Federal Reserve Vice Chairman Stanley Fischer said a long period of low interest rates may have contributed to “high and rising” home prices in several countries, cautioning against forgetting the lessons of the 2007-09 housing crisis.
“There is more to be done, and much improvement to be preserved and built on,” Fischer said, speaking at an event in Amsterdam on Tuesday that was closed to the press. “The world as we know it cannot afford another pair of crises of the magnitude of the Great Recession and the Global Financial Crisis.”
Fischer emphasized that much has been achieved to shore up the global financial system since the last recession. His remarks struck a cautionary tone at a time when the value of residential real estate is climbing from Canada and the U.K. to Australia.
“House prices are now high and rising in several countries, perhaps as a result of extended periods of low interest rates,” Fischer said in the prepared remarks, without specifying any particular frothy markets. He also noted that in the U.S., Fannie Mae, Freddie Mac and the Federal Housing Administration are “now the dominant providers of mortgage funding.”
Government support for housing should be explicit where it exists, he said, and its costs should be balanced against its benefits.

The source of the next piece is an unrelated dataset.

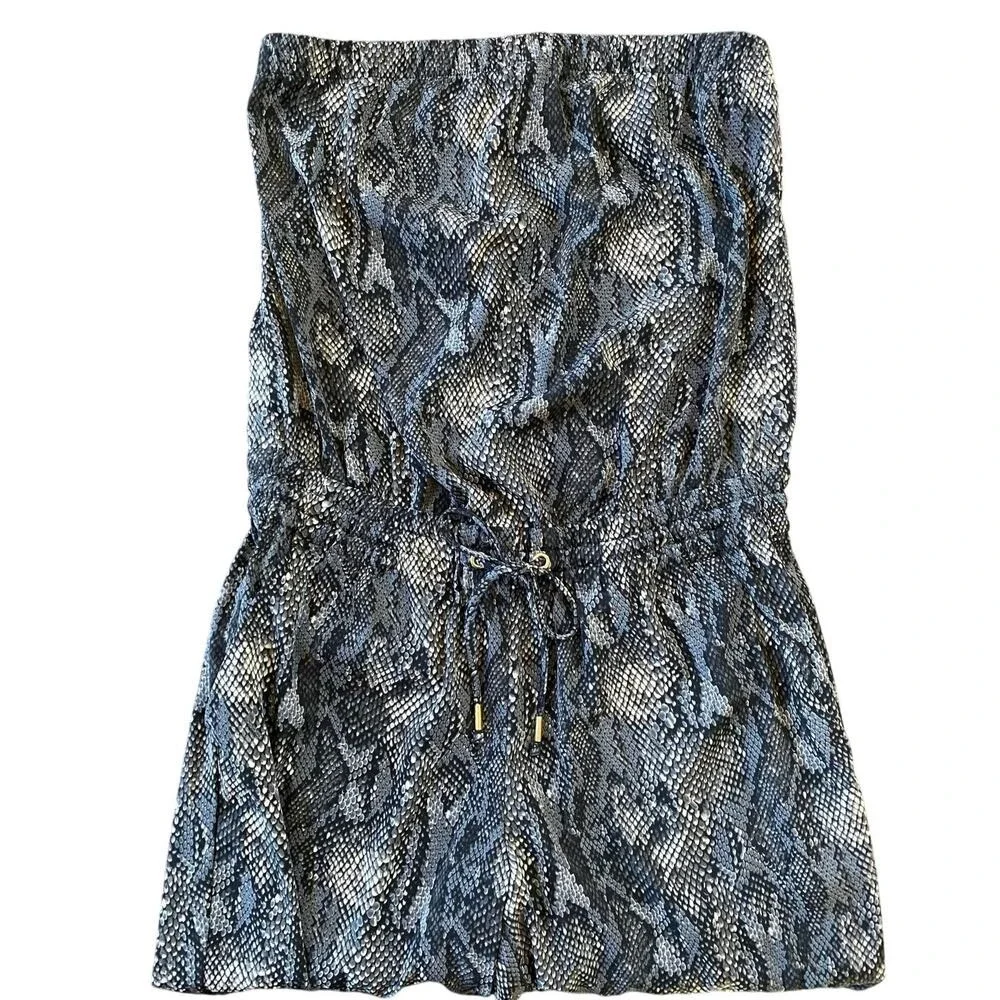 Express Womens Snakeskin Print Strapless Jumpsuit Grey Black XS Drawstring Waist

Likewise, rules and expectations for mortgage modifications and foreclosure “should be clear and workable.”
In the U.S. and around the world, “much has been done,” he said. “The core of the financial system is much stronger, the worst lending practices have been curtailed, much progress has been made in processes to reduce unnecessary foreclosures.”
Fischer made no mention of the path forward for monetary policy or the economic outlook in his speech.